* [WHAT IS REQUIRED] This exercise asks for the entries to be repeated exactly, without their images.
***** STUDY MATERIAL
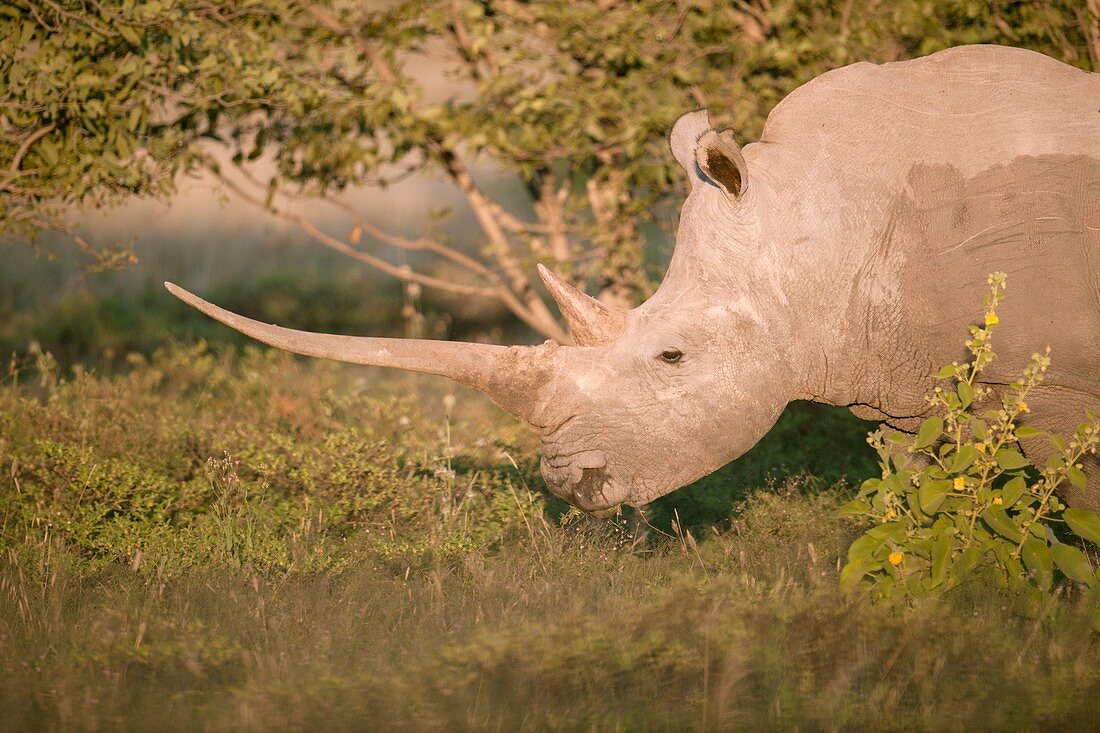 Female white rhinoceros grazing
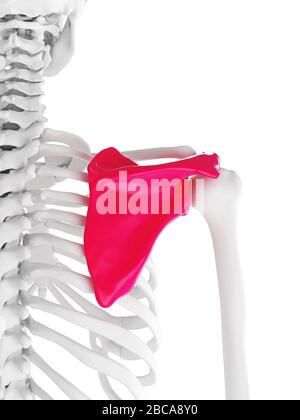 Schulterblatt, Abbildung. Stockfoto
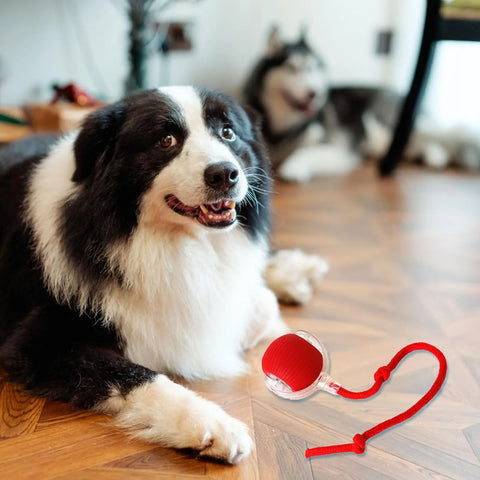 Interactive Smart Rolling Ball Toy for Cats & Dogs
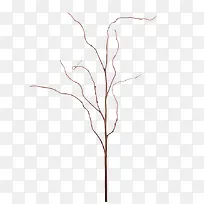 树枝素材-空若网 树枝素材-空若网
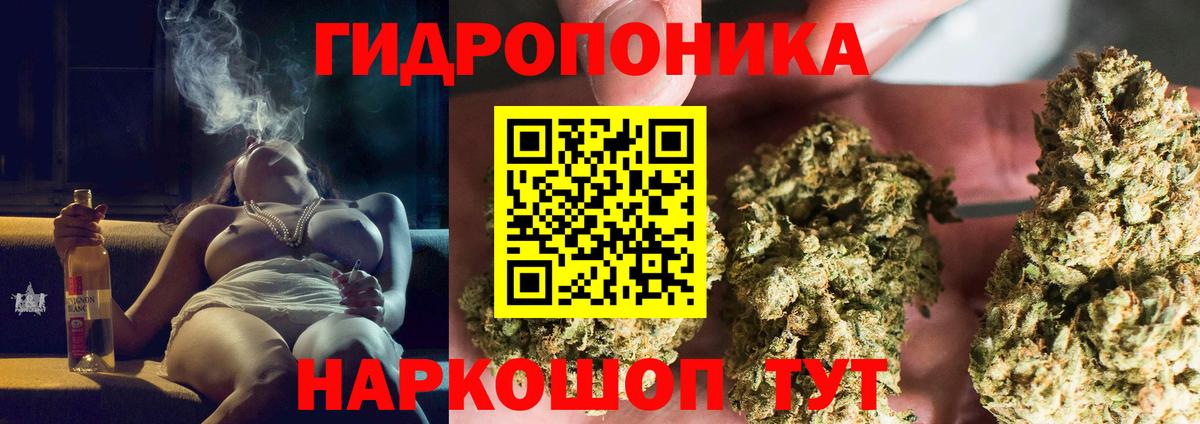 Бошки Шишки MAZAR Похвистнево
**********
* [REPLY TO THE EXERCISE]
 Female white rhinoceros grazing
 Schulterblatt, Abbildung. Stockfoto
 Interactive Smart Rolling Ball Toy for Cats & Dogs
 树枝素材-空若网 树枝素材-空若网
 Бошки Шишки MAZAR Похвистнево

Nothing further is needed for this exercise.